● **Problem statement**
Your job is to return the whole listing unchanged while skipping its images.

● **Material provided**

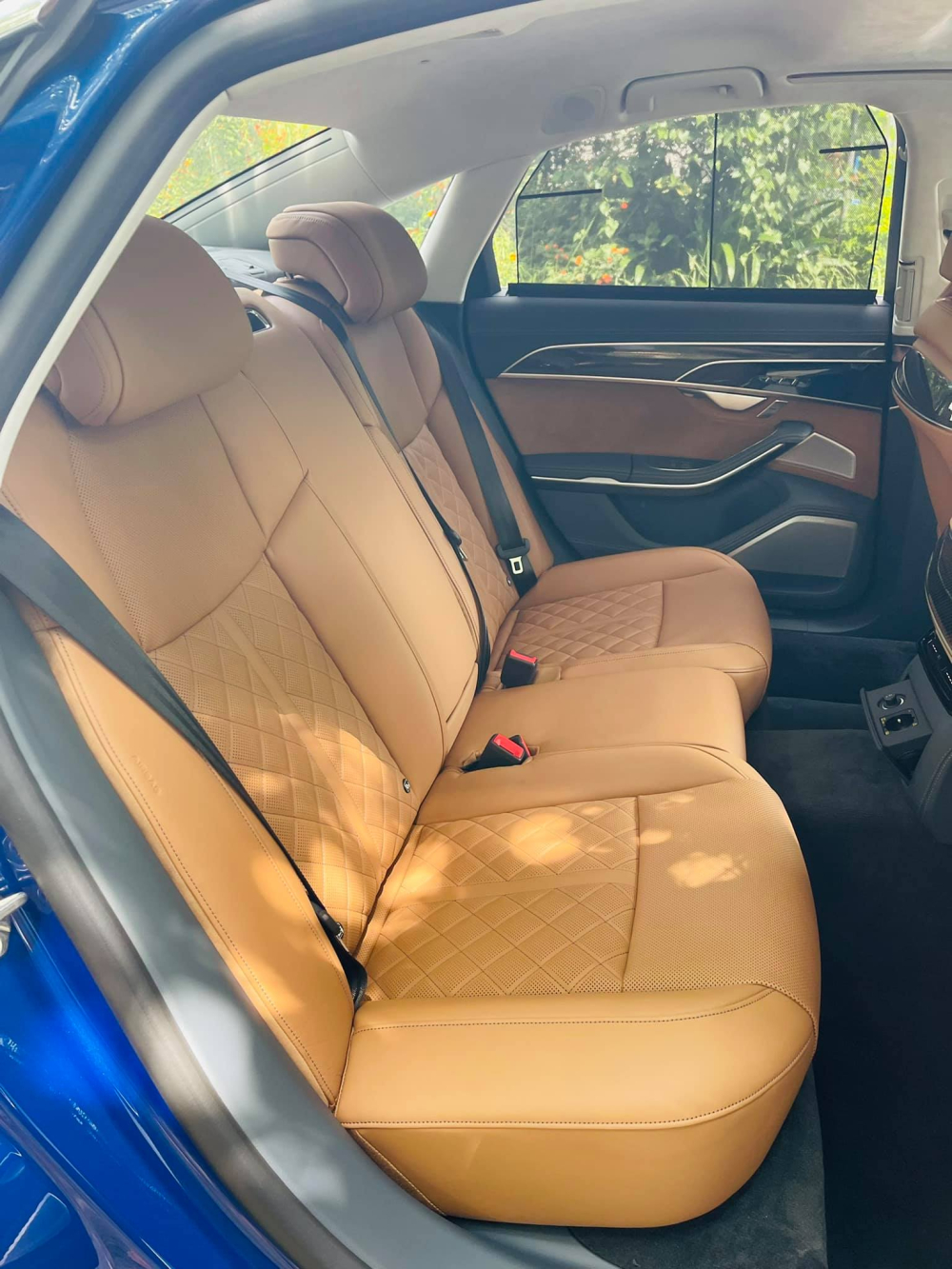 Còn đây là khoang hành khách của xe Còn đây là khoang hành khách của xe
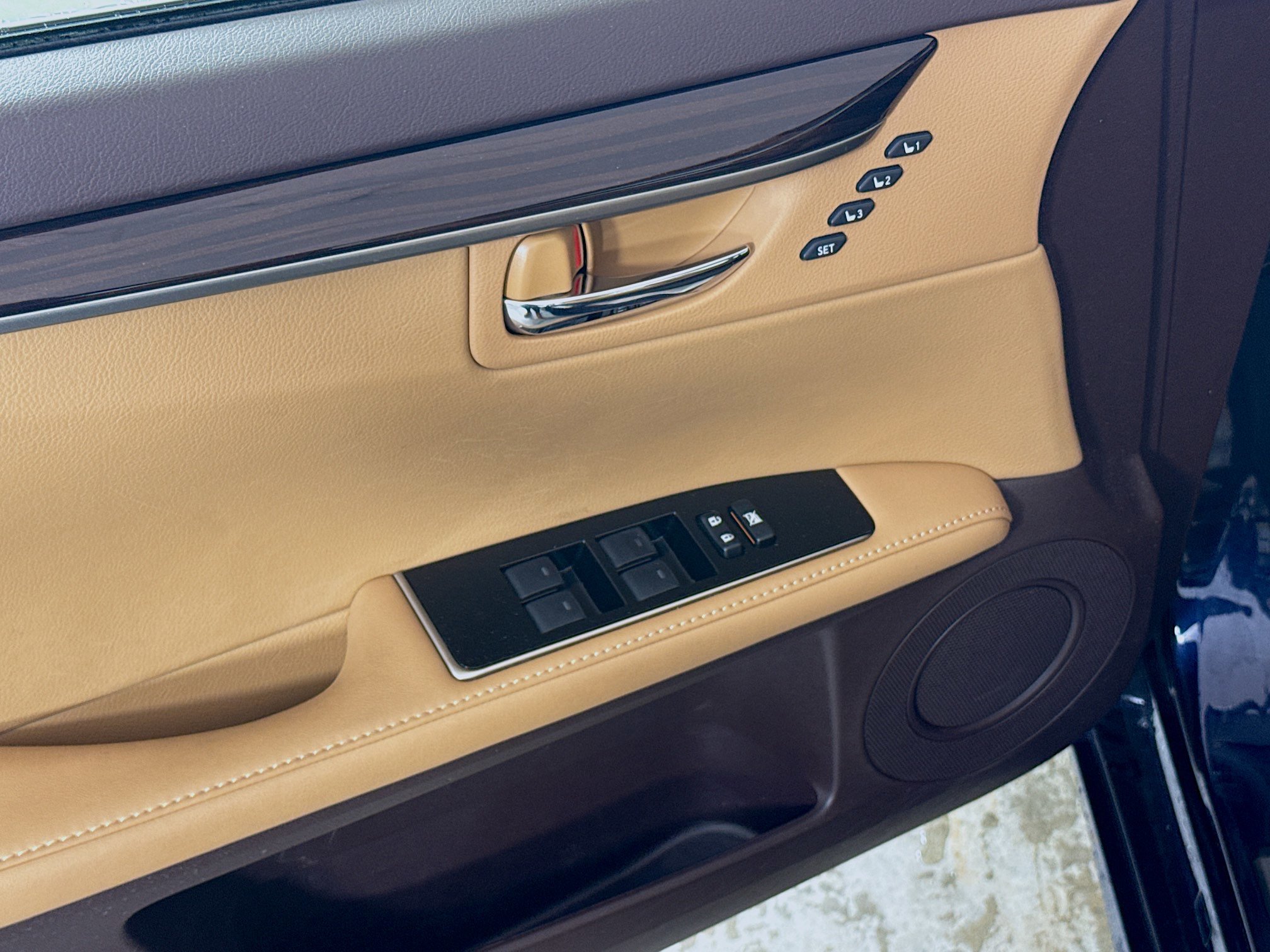 Used 2016 Lexus ES 350 w/ Luxury Package w/Wood Trim FWD image 20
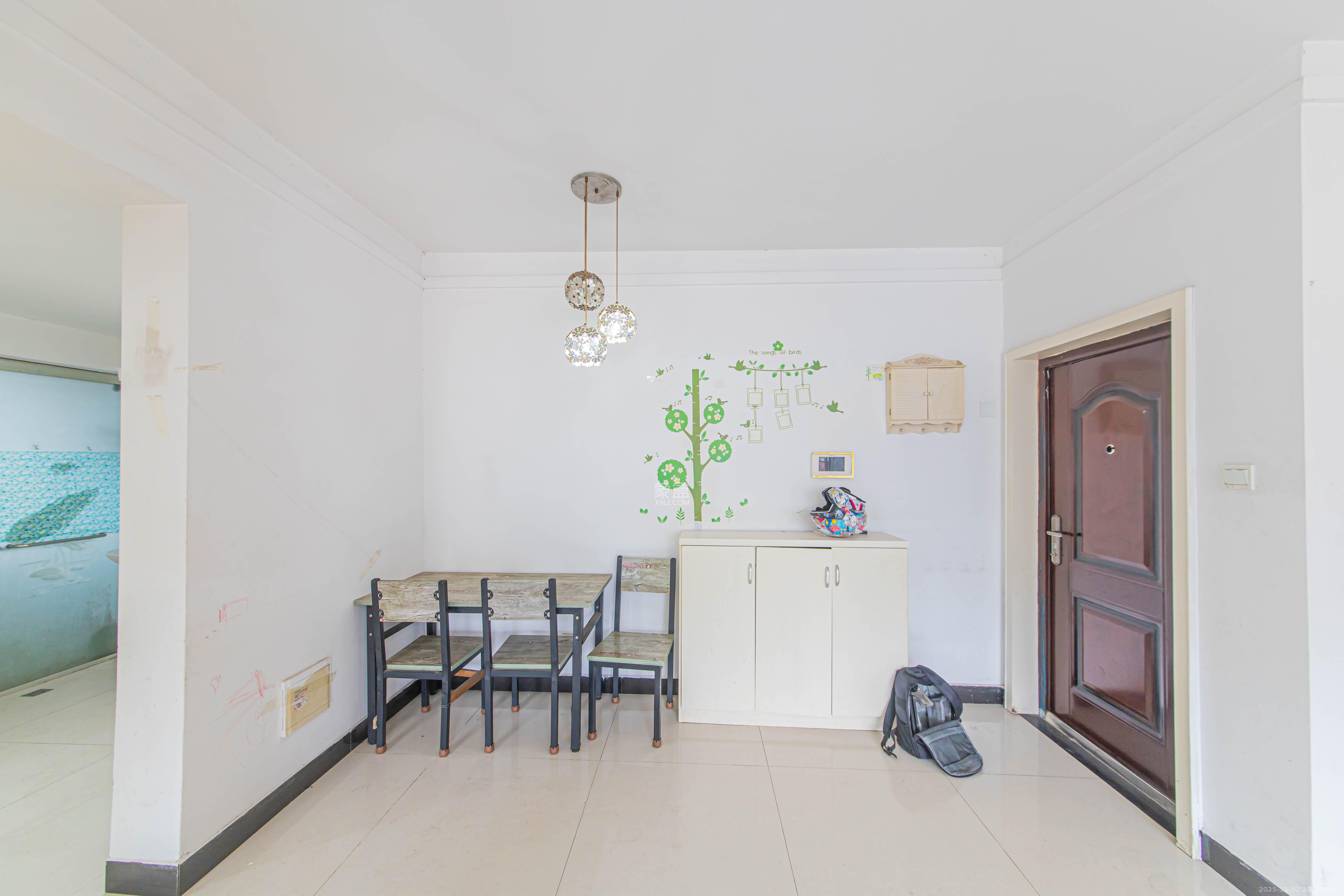 中信文化广场（中信新城二期）  3室2厅1卫    52.8万客厅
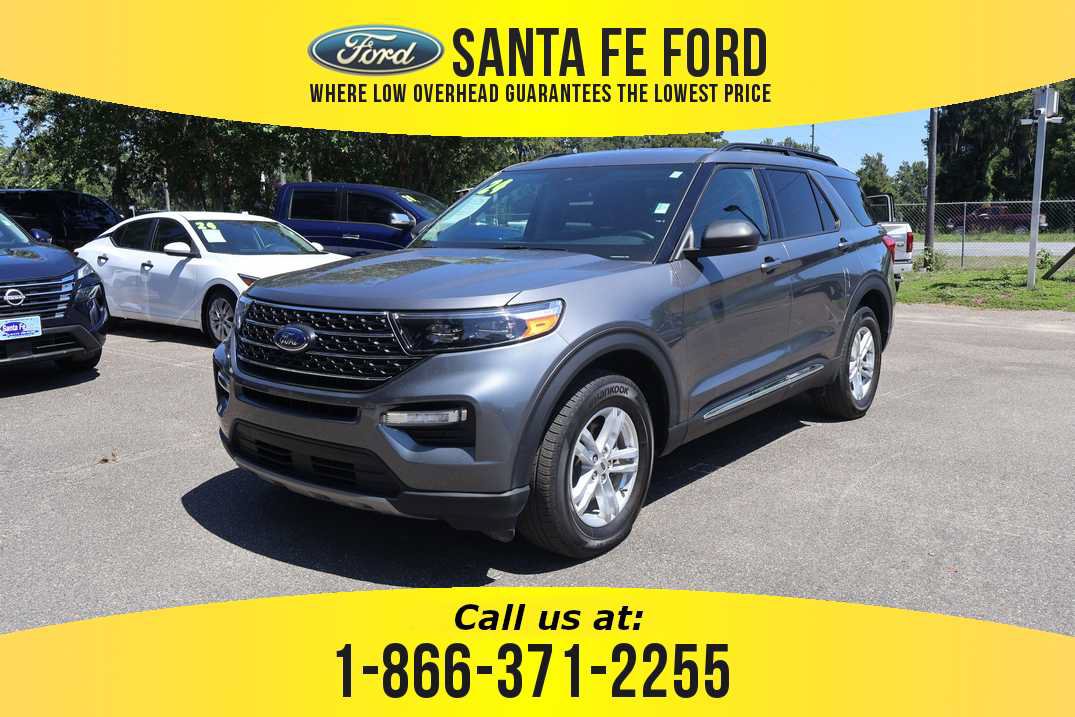 New 2024 Ford Explorer XLT w/ Equipment Group 202A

● **Exercise output**
 Còn đây là khoang hành khách của xe Còn đây là khoang hành khách của xe
 Used 2016 Lexus ES 350 w/ Luxury Package w/Wood Trim FWD image 20
 中信文化广场（中信新城二期）  3室2厅1卫    52.8万客厅
 New 2024 Ford Explorer XLT w/ Equipment Group 202A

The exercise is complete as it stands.